Check to see if any accessibility guidelines are in place that can aid learners with special needs who need certain accommodations and make sure the tool is inclusive. The tech tools you choose to implement in your classroom should include all learners, no matter their background or level of understanding.

2. Is the Tool Relevant?

If the tool is not something that will help your students gain applicable skills for their current or future careers in a variety of industries, then you should not consider using it.

It’s also important to see whether the vendor who maintains the tool updates it regularly and listens to consumer recommendations, as feedback is critical to assure ongoing functionality and continued relevance in the college classroom.

READ MORE: How colleges and universities can use instructional studios.

3. Is the Ed Tech Tool Meaningful?

Instead of using a tech tool for the sake of having something innovative in your toolset, make sure it provides meaning to your students and helps them learn on a deeper level.

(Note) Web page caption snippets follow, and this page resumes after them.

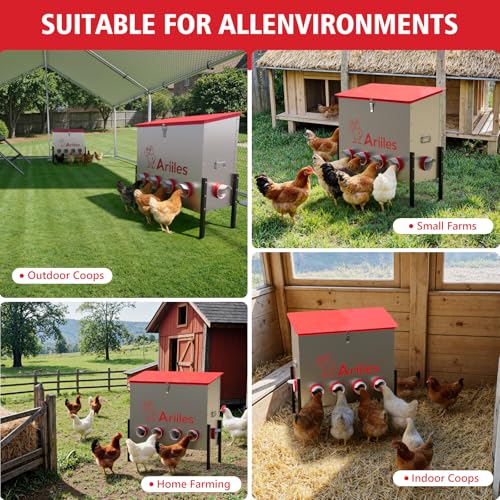 Automatic Chicken Feeder, Metal Poultry Feeder, Chicken Feeders | 100LB Poultry Feeder With Stand & 10 Ports. Includes Bonus Vegetable Net, Feeder Sealant And Anchor Stakes For Chicken. - size: 100 LB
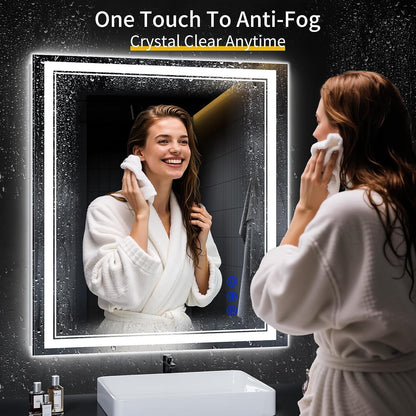 30"x22" LED Bathroom Mirror with Lights,Anti-Fog,3 Color Modes - Colors B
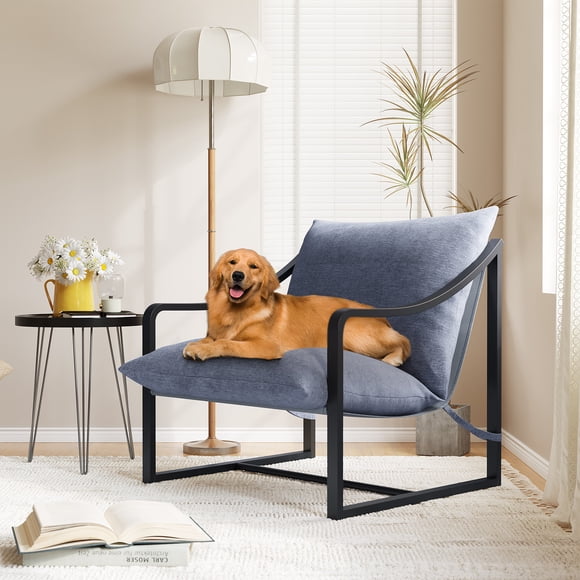 Towallmark Modern Accent Chair, Upholstered Sling Chair with Soft Foam Cushion & Metal Frame, 280 Lbs Capacity | Reading Chair for Living Room, Bedroom, Lounge, Decorative Armchair, Grey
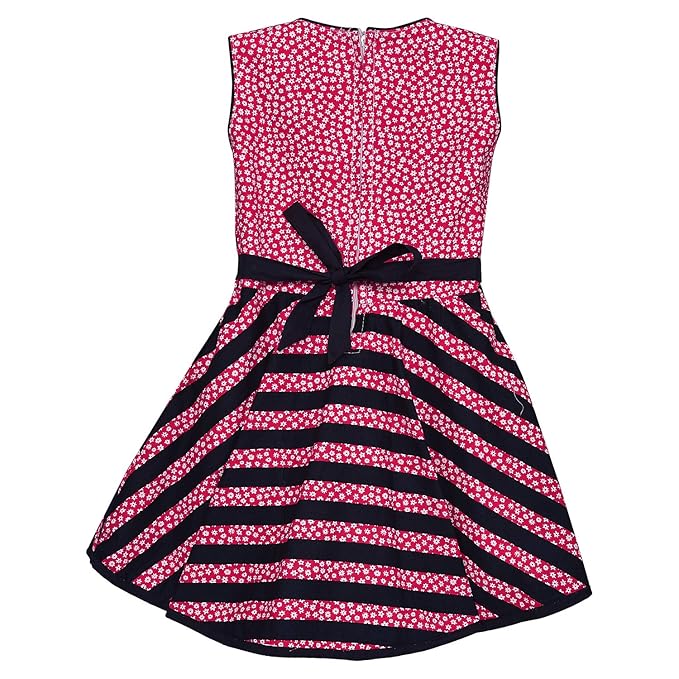 Girls Floral Printed Cotton Sleeveless Dress with Navy Striped Flared Skirt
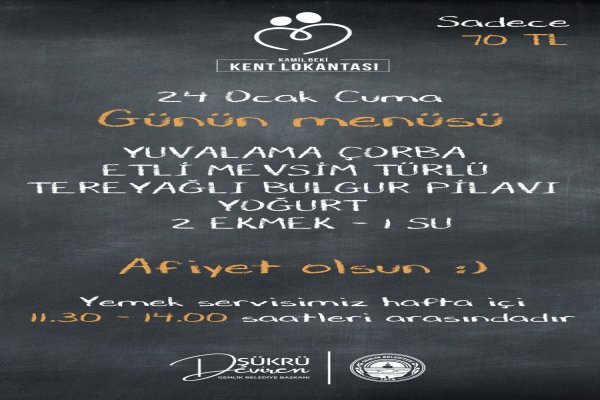 24 OCAK KENT LOKANTASI MENÜ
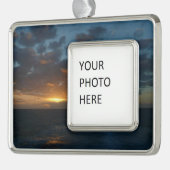 Zonnehoogte in Zee II Ocean Seascape Verzilverd Omlijst Ornament (Links)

It should be a seamless integration that enhances your content.

The tool should promote engagement while reinforcing key concepts and add value to what is already happening in your classroom.

There are several free ed tech evaluation rubrics available from EdTech Center at World EducationLearnPlatform and Western University, Canada that can help professors make informed decisions to address students’ needs as well as their own.

Using ed tech tools in the classroom is something I rely on heavily as an adjunct professor in the Touro College Graduate School of Technology instructional technology program. The tools can increase student engagement, streamline workflows (including grading), and address social and emotional challenges.

While the pandemic has brought many challenges with it, it’s also highlighted how vital it is to employ ed tech tools that work well for all end users, and that teaching in the current and future educational climate requires technology and pedagogy to seamlessly integrate to provide the best learning experience possible.